November 02, 2006

Miscellany

I don’t care what Natalie Portman said. I really don’t. It was just a cloying and painfully obvious attempt by a first-time writer-director to get "cool" audiences to identify with his rather unlikable main characters. It’s not the Shins’ fault that they got more popular because of it. Besides, we here at WAWGDWATT headquarters have neither the time nor the inclination to debate the street credibility of a guitar-based pop band. We just know we liked their first record and early singles so much, we’re pretty much willing to forgive anything, including the McDonald’s and Gap commercials, a bad second record, and, yes, even Garden State.

Anyway, the Shins’ Wincing the Night Away, due out on Sub Pop in January, leaked a couple of weeks back, and I’ve been listening to it all day today. I've enjoyed it very much so far. The first two songs, “Sleeping Lessons” and “Australia,” are pretty awesome, the former a great keyboard-led slow build to a garage-band-style climax, the latter an up-beat and terrific mood-shifter with an awesome Morrissey nod at the end: "So give me your hand and let's jump out the window." Then they get weird for a minute with “Pam Berry,” a track that’s more sound project than song, sort of like Oh, Inverted World’s “Your Algebra.” It’s fine, and it only lasts 56 seconds, so no bother.

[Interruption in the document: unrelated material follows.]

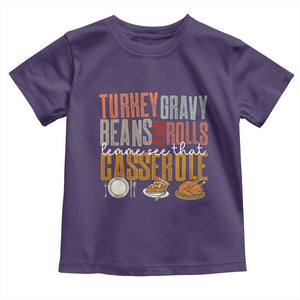 Funny Thanksgiving Toddler T Shirt Turkey Gravy Beans And Rolls Let Me See That Casserole TS10 Purple Print Your Wear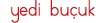 yedi buçuk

“Phantom Limb” opens with some soft fuzz bass and the line, “Frozen into coats, white girls from the North.” Singer James Mercer goes onto to sing about feeling like a ghost, or something like that, and it’s so sad and pretty, and somewhere he talks about "cheap shots from the tribe" and “ another afternoon with the gold head tunes and pilfered booze,” right before the soaring chorus and the “oh-whoa-oh”s kick in. That’s what I like most about the Shins: they make melancholy seem like the most beautiful thing in the world. It’s a warm, hope-filled way of saying things suck.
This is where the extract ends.